Shea M. Ramey, Undergraduate Student
Published September 13, 1988
Upon walking down Adelbert Road on Monday, September 9, I noticed the pink triangles accompanied by the sentence "Gay and Lesbian Pride" that had been painted over the weekend. Some may see the possibility to attack the gay community in these times of an increasingly visible and (rightly, I believe) respected homosexual community. Nonetheless, I feel a need in this case to do just that.
To be frank, my first reaction to the triangles and their statements was indignation. But gays and lesbians, being the politically correct group that they are, I kept my mouth shut and walked on.
Gays, just as so many other minorities, receive abdominal physical, mental, and socioeconomic abuse. While it would be ridiculous for me to declare myself unaffected by living in what is in many ways a prejudiced and discriminatory society, I truly believe that I have generally been tolerant and respectful of homosexuality.
I'm not claiming to be perfect or immune from prejudices, but am simply trying to show that I support and believe in the existence of homosexuality as a sexual and romantic orientation whose validity is no less than heterosexuality.
I cannot, however, respect or tolerate the implied superiority of a minority group's attitudes, no matter how easily it is to understand their aggressive backlash against a suppressive and cruel majority. It seems to me that such slogans "We're Queer, We're Here, Get Used to It," "Gay, That's All I have to Say," and the symbols on Adelbert's sidewalks seem more boastful than proud, suggesting, to me at least, that gays see their lifestyle as not equal, but superior. This would be as asinine a declaration as the ideas presented by gay bashers and white supremacists, and perhaps even more disheartening since it would mean that the victims of bigotry had become as the bigots themselves.

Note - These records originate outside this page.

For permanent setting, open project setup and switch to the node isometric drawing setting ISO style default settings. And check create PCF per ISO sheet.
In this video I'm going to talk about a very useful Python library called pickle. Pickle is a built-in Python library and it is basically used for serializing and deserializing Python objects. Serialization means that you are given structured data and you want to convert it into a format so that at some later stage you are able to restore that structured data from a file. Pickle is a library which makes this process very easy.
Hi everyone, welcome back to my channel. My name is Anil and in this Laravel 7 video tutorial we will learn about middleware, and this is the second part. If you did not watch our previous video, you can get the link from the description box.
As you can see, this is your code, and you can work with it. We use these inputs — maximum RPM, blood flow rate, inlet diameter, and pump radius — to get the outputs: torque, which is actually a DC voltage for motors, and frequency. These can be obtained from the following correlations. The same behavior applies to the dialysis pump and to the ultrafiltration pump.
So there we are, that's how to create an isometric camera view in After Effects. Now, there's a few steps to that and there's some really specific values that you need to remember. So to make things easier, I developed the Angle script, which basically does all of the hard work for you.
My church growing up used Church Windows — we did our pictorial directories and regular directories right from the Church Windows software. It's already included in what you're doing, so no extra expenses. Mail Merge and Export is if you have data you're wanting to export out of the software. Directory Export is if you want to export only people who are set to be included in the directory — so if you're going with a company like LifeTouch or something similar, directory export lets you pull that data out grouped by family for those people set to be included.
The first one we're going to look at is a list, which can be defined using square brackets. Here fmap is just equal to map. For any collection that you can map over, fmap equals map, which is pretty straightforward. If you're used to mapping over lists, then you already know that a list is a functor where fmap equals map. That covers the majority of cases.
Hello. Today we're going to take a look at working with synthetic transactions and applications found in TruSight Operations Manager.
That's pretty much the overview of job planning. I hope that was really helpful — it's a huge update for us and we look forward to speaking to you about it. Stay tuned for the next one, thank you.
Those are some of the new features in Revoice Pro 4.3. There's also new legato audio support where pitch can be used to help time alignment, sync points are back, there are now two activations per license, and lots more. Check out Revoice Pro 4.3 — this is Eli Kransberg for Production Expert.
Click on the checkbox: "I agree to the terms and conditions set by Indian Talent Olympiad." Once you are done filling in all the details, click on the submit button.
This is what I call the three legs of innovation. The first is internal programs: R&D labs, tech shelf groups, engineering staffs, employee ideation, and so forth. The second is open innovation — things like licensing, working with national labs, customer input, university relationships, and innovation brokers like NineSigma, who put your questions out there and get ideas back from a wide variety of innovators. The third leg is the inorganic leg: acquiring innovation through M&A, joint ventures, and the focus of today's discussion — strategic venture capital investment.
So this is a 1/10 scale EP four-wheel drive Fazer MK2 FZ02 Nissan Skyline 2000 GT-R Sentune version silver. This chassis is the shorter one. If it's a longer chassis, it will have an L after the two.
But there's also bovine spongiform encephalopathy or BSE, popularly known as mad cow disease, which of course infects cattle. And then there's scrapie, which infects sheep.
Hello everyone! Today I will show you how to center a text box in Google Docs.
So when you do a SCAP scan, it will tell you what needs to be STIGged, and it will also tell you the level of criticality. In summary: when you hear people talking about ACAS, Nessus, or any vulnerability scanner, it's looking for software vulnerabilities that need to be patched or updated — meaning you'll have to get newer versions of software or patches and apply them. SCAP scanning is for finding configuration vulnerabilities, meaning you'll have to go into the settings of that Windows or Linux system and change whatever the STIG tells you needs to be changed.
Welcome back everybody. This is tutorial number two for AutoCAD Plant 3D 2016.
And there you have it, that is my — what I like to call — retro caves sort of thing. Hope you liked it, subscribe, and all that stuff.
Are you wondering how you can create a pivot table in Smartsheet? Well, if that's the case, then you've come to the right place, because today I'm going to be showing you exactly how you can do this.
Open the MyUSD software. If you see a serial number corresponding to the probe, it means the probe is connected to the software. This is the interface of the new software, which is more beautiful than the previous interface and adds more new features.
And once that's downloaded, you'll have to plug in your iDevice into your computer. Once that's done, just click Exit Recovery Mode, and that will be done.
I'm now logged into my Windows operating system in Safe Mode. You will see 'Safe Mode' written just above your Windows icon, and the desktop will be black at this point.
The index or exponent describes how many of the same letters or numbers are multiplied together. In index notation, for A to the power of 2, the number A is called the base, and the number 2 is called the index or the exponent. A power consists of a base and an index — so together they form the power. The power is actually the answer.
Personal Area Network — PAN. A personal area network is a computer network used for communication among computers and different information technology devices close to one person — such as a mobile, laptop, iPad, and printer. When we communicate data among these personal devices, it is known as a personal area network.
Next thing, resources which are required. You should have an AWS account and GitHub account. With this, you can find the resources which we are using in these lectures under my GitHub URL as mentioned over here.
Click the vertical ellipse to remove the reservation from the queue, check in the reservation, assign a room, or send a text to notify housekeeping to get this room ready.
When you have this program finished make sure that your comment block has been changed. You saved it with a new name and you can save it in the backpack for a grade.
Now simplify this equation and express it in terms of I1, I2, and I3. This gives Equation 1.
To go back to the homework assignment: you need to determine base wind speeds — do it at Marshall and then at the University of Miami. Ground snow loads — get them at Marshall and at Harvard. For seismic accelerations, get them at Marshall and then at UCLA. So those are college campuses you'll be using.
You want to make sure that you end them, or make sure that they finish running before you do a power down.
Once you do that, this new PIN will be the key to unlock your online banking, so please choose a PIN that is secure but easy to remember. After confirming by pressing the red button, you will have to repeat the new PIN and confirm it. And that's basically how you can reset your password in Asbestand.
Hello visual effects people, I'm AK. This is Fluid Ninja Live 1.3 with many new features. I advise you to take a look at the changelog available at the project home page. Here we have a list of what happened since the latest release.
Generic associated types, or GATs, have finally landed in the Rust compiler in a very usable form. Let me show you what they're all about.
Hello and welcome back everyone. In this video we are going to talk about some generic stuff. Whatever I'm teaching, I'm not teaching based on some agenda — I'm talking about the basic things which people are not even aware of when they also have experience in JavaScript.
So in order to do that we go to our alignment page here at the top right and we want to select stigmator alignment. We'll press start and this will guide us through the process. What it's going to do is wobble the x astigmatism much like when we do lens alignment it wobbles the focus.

A more important issue is the animosity the symbols draw forth from many otherwise apathetic persons, possibly for the reason I have suggested. In assuming forms of self-declaration and expression that are almost militant, minorities succeed in enlightening no one, and often alienate and anger segments of the population that would otherwise be undecided or in agreement with their views. It feels as if "straight bashing" is becoming more popular than "fag-bashing," with the homophobia having become a ludicrously loaded gun. This is a tactic whose benefits I fail to see. Perhaps I'm cynical, but I wonder if the gay community isn't repeating so much of human history by itself undermining a homosexual/ heterosexual culture of mutual respect and acceptance.